Roller coaster at Elitch Gardens

Twister III: Storm Chaser is a wooden roller coaster located at Elitch Gardens in Denver, Colorado.

This is a custom-built wooden coaster based upon the original coaster Mr. Twister that was at Elitch Gardens before the park was moved to its new location in 1995. The roller coaster was designed by John Pierce, who also designed the famous defunct The Rattler wooden roller coaster at Six Flags Fiesta Texas. It was constructed by the Hensel Phelps Construction Co. The trains were made by the Philadelphia Toboggan Coasters company.

In 2023, "Twister II" was renamed "Twister III: Storm Chaser" after being refurbished in the off season.

The motto for the ride is "Built wilder the second time around!"

==Layout==

===Queue===
Riders venture through the queue area as it winds through the middle of the coaster's layout. Once riders head into the station area, there are paintings of the original Elitch Gardens' roller coasters hanging on the wall below the boarding area. Riders then board the Philadelphia Toboggan Coasters trains.

===Ride Experience===
Leaving the station, adjacent to the railroad tracks, the track makes a right hand turn to the 100 ft lift hill. From the lift hill, riders can view other rides at the park, as well as the Downtown Denver skyline. Leaving the lift hill, trains snake around a swooping 10 ft drop, mimicking the drop on the original Mister Twister. This is followed by a 90 ft drop to the ground, and a rise up into a big turnaround, and another drop. After the second drop, the track goes through a double up type element wrapping around the first drop turn, before making another drop and hill and descending into the big helix. Upon leaving the helix, there is a slight straight segment before dropping to the left, entering a tunnel in the structure of the second turnaround. From the tunnel, a straight segment precedes another turnaround that leads into the final brakes.
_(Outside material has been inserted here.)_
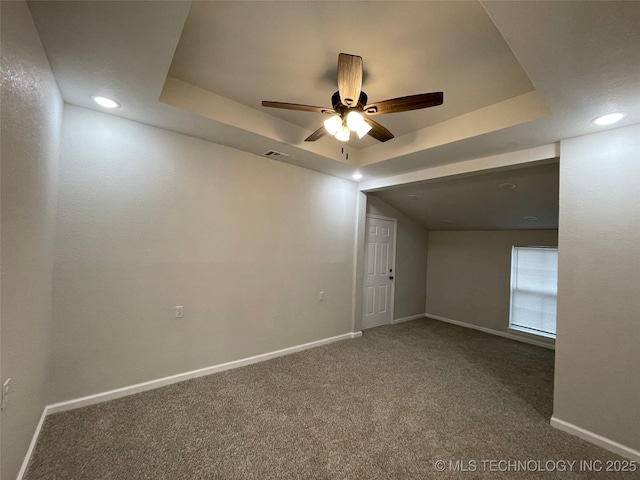 interior space featuring a raised ceiling, ceiling fan, and carpet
Overall, the layout of Twister III has similarities to the Mister Twister, but a noticeable difference is the helix entry. While Mister Twister went down the second drop and into the helix right away, Twister III leaves the second drop and goes up a double up hill, then makes another drop and rise, and enters the helix near the station. Because of this, the entrance to the tunnel does not cross over the second climb.

==Notes==
Upon opening, Twister II utilized the trains from the original Mister Twister, which had been transported from the old park location to the new one for use on the newly-built coaster. These trains were constructed by Philadelphia Toboggan Coasters (PTC) and consisted of five 2-bench cars with single-position lap bars (known colloquially as "buzz bars"). For the 2003 season, these trains were replaced with new trains of four 3-bench cars from PTC with individual ratcheting lap bars. These trains had a new American flag theme, and the fronts of the trains also got Six Flags 45th anniversary emblems painted on them to celebrate the chains' anniversary. The height restriction was lowered from 52 to 48 inches tall, in keeping with most other wooden coasters. For the 2018 season, the trains were shortened to have only 3 cars each.